*Task details:* Would you return exactly the lines running from the one with "精彩GIF：新婚要泼一床水？" to the bottom of the listing below, and no others?

____ Data

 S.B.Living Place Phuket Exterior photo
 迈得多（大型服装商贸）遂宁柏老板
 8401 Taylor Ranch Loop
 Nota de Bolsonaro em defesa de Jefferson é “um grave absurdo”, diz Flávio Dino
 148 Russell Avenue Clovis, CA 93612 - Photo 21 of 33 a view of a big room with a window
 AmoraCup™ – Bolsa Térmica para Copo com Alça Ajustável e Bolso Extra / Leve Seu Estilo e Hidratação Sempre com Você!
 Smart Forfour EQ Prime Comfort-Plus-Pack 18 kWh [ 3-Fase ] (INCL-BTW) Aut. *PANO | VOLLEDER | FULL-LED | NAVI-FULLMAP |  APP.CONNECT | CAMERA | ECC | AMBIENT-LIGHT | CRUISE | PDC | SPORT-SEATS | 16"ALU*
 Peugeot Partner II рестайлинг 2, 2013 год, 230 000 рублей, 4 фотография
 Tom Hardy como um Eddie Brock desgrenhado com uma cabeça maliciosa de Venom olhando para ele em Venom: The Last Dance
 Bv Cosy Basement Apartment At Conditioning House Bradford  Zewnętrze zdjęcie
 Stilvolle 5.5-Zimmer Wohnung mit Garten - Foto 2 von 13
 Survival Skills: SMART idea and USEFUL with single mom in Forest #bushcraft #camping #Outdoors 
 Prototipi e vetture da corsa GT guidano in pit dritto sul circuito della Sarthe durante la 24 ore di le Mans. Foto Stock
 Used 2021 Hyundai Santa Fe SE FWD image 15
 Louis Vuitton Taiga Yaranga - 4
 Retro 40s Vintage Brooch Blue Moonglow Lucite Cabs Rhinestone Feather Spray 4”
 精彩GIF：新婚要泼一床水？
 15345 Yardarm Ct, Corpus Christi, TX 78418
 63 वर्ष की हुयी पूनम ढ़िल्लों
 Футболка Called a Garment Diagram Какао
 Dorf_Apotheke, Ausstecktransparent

________

*Answer box:*
 精彩GIF：新婚要泼一床水？
 15345 Yardarm Ct, Corpus Christi, TX 78418
 63 वर्ष की हुयी पूनम ढ़िल्लों
 Футболка Called a Garment Diagram Какао
 Dorf_Apotheke, Ausstecktransparent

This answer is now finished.